Heraklion sights and places to see
For something different, take a ride on one of the little road trains that run along the sea front or tour further afield. The trains are styled to look like old-fashioned steam trains, which is part of their attractiveness. One route that is taken by the Little Red Train company is the Galatas Country Tour. It drives through orange groves in the valleys to the south of the main road, making a brief stop at Ayia Lake to admire the reflection of the snow-clad mountains reflected in the lake and then on to the Allied War Memorial. It stops also at the village square at Galatas to visit the church and the small museum. Such trains have several advantages. There is no glass in the windows so photographs can be taken from the moving train without getting reflections and secondly, as the train has no tracks, it can go just about anywhere. You don"t even have to walk to the nearest station if your hotel is on route it will stop and pick you up.
The suburban areas around the centre of the town are not significant but, the old city within its walls is still, today, moving and impressive and is full of shops, public squares, cafes, bars and restaurants and imposing structures depicting Heraklion"s long history. , amongst which are a variety of different buildings from the periods of Venetian and Turkish occupations. These include the tremendous Venetian castle which protects the port, the Venetian Loggia, The impressive Byzantine church of Agios Titus, The Lions Square, (full of young people both locals and visitors), the cathedral of Agios Minas and the church of Aghia Ekaterini. There is the Central market which is lined with shops selling everything you can think of as well as plenty of taverns and small cafes. For a more romantic setting, the small port of Megalos Koules is lined with fish taverns where you can admire the sunset and watch the little fishing boats coming and going. On a spiritual, intellectual and artistic level, Heraklion has something for everyone. There are wonderful churches and cathedrals, museums and exhibitions and scientific conferences organized throughout the year.

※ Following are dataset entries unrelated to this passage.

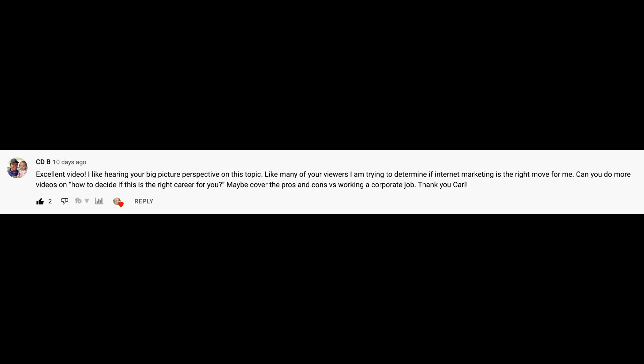I've been noting them down on my phone so please excuse me if I keep looking at my phone and I will read some of the names. Some of the names I can't pronounce so I won't read those ones because I don't want to look a fool. But the first one is from CDB, I can read that one. And she says, excellent video. I like hearing the bigger picture perspective on topics. Like many of your viewers, I'm trying to determine if affiliate marketing is right for me. Can you do a video on how to decide if it's the right career for you? Maybe cover the pros and cons versus a corporate job.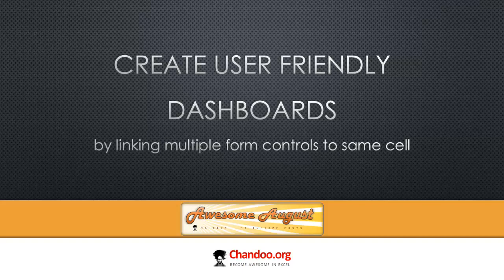Hi and welcome to chandoo.org. This is a lesson on how to create user-friendly dashboards by linking multiple form controls to the same cell. Now there are many techniques when it comes to creating user-friendly dashboards, so in this lesson we are not going to discuss the entire spectrum of techniques. Instead, I'm going to show you one technique that I found quite useful.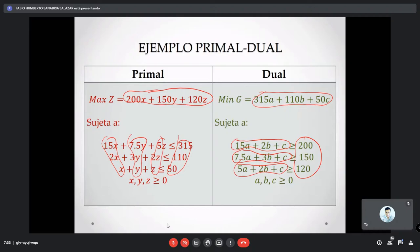El procedimiento es largo y hay que tener todo bien claro. Ustedes anotan los procedimientos paso a paso — la verdad no tiene por qué perderse. Han hecho cosas mucho más difíciles que esto. No es complicado, pero sí hay que tenerlo bien claro para no perderse. Así es como se transpone la matriz, pasando de la forma primal a la forma dual.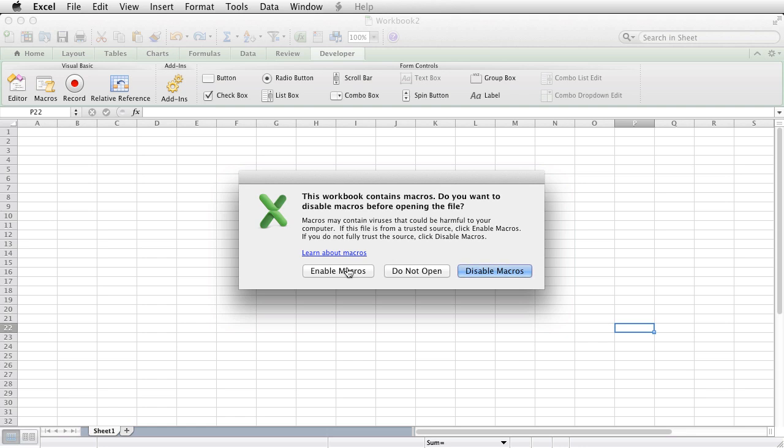Now you can turn that message off, you can actually tell it not to display that message, but it is better to have that message displayed than not because VBA can contain harmful code.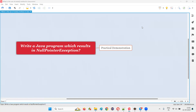Hello all, welcome to this session. In this session, I am going to answer one of the Java interview questions — write a Java program which results in a null pointer exception.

There are several Minoan tombs in the areas immediately surrounding the city. In Gazi, 6km west of Heraklion, for example, some excellent earthenware statues were excavated and are thought to depict the main Minoan goddess. All the statues have their arms raised with other figures escorting them. They date back to the Minoan era and can now be seen in the Archaeological Museum of Herakleion.
22km south-east of Heraklion is the medieval monastery of Agarathus. It is considered to be one of the oldest in Crete. It is dedicated to the Assumption of the Virgin and was a centre for education and civilization. Some priests from this monastery went on to become Patriarchs, for example, Meletius Pegas and Kyrillus Loukaris. The monastery played a significant role during the Ottoman Empire as well.
The Palace of Knossos. The ruins of a Minoan civilization were purchased and excavated in 1900 by the British archaeologist, Sir Arthur Evans. It is one of the most important archaeological sites in Greece. The visitor should allow a full day to visit the Palace, taking a guidebook and wandering at will whilst imagining the wealth and power of the legendary ruler, King Minos.